---------- Excerpted records

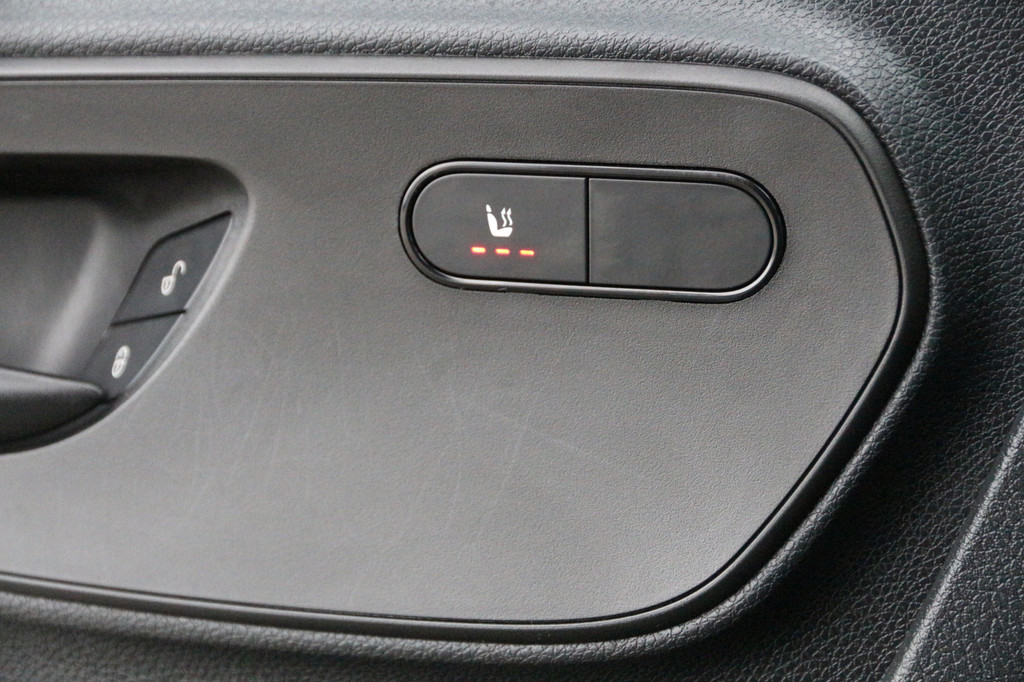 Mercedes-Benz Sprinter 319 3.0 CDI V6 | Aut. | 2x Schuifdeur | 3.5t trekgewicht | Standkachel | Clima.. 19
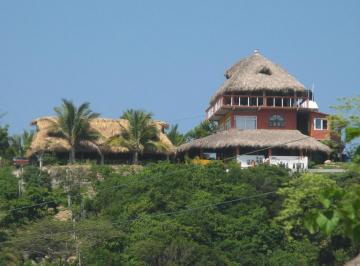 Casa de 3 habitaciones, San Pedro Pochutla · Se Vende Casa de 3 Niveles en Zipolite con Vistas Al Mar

--------------------
---------- Excerpted records

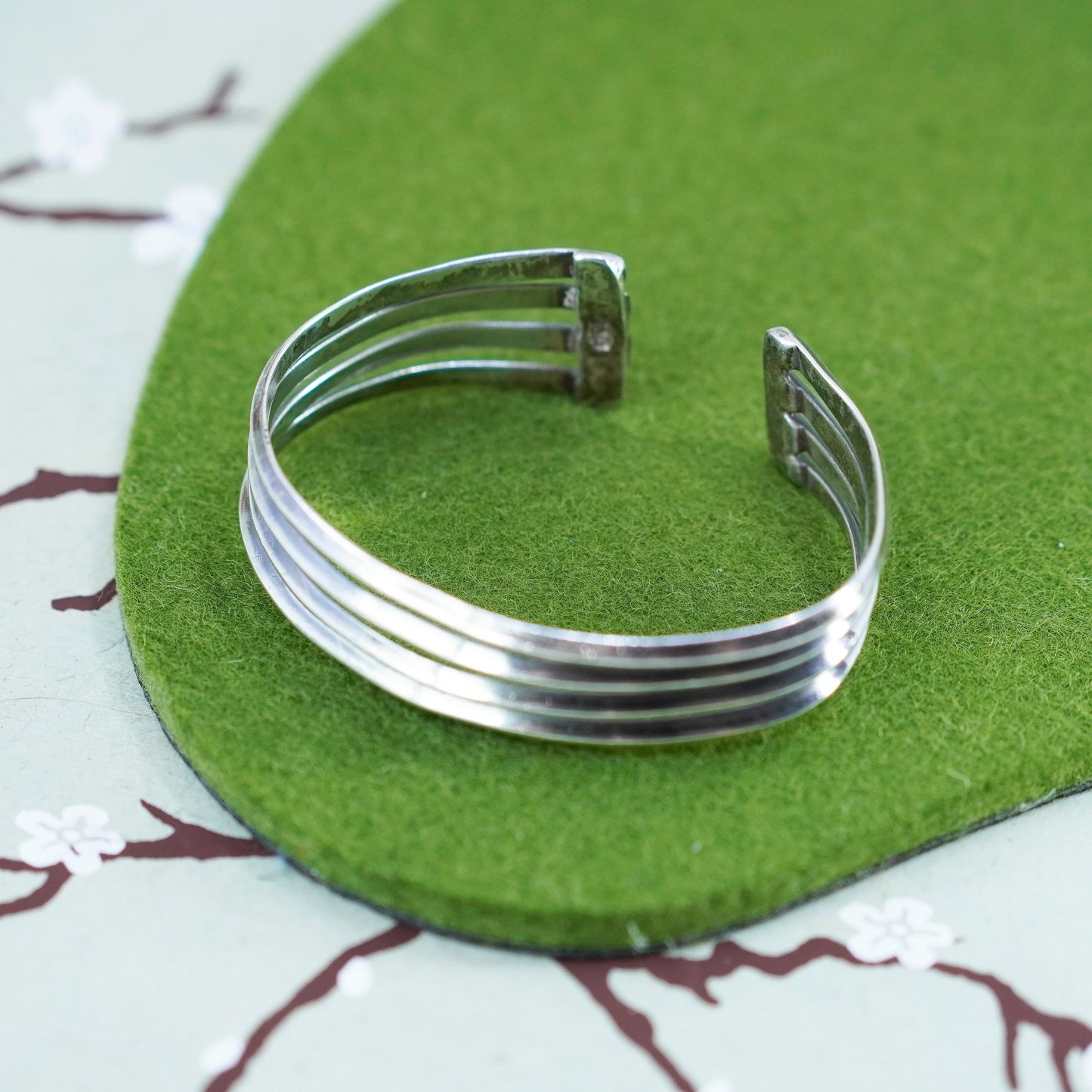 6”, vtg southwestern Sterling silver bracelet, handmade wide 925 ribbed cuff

--------------------

Everything above from the line with "Mercedes-Benz Sprinter 319" through the line with "Casa de 3 habitaciones, San" should be retyped exactly, and nothing else; omit pictures.

## Result
 Mercedes-Benz Sprinter 319 3.0 CDI V6 | Aut. | 2x Schuifdeur | 3.5t trekgewicht | Standkachel | Clima.. 19
 Casa de 3 habitaciones, San Pedro Pochutla · Se Vende Casa de 3 Niveles en Zipolite con Vistas Al Mar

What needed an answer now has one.